▸ INSTRUCTIONS TO FOLLOW
Nothing but the lines from the start of the entries through the line containing "Liibanoni president Michel" should appear in the answer, each given exactly.

###

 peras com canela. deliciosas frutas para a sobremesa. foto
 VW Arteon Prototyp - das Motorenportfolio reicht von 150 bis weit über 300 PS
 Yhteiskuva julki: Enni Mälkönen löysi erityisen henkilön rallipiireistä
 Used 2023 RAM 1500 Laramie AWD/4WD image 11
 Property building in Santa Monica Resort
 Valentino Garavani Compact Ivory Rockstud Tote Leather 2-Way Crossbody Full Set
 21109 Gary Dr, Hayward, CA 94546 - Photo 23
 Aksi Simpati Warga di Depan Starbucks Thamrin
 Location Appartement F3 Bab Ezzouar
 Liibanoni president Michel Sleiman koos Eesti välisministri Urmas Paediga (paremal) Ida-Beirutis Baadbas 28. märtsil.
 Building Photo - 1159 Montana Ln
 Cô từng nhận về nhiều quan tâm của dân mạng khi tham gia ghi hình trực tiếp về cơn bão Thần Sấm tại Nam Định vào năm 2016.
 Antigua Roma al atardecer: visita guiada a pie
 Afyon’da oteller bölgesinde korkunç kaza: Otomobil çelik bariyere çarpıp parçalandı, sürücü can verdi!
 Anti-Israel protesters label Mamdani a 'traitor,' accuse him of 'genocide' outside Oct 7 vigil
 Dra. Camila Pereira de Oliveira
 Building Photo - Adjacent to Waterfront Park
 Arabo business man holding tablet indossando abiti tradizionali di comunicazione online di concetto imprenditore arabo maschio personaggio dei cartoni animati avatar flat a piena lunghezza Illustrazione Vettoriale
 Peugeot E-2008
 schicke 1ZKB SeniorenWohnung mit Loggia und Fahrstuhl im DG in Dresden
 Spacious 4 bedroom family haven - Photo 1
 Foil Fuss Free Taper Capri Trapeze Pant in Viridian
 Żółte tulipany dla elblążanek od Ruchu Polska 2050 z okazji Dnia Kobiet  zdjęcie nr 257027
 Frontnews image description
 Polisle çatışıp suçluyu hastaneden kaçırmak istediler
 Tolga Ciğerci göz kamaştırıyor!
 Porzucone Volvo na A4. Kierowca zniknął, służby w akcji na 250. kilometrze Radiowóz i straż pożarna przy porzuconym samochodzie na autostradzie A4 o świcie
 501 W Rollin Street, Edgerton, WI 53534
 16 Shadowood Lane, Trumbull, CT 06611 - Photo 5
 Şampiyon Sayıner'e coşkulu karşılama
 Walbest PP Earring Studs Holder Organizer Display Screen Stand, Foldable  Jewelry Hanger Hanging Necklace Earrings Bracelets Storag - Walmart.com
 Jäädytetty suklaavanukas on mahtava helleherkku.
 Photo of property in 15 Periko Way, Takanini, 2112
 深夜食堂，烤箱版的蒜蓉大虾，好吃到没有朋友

###

▸ WRITTEN RESPONSE
 peras com canela. deliciosas frutas para a sobremesa. foto
 VW Arteon Prototyp - das Motorenportfolio reicht von 150 bis weit über 300 PS
 Yhteiskuva julki: Enni Mälkönen löysi erityisen henkilön rallipiireistä
 Used 2023 RAM 1500 Laramie AWD/4WD image 11
 Property building in Santa Monica Resort
 Valentino Garavani Compact Ivory Rockstud Tote Leather 2-Way Crossbody Full Set
 21109 Gary Dr, Hayward, CA 94546 - Photo 23
 Aksi Simpati Warga di Depan Starbucks Thamrin
 Location Appartement F3 Bab Ezzouar
 Liibanoni president Michel Sleiman koos Eesti välisministri Urmas Paediga (paremal) Ida-Beirutis Baadbas 28. märtsil.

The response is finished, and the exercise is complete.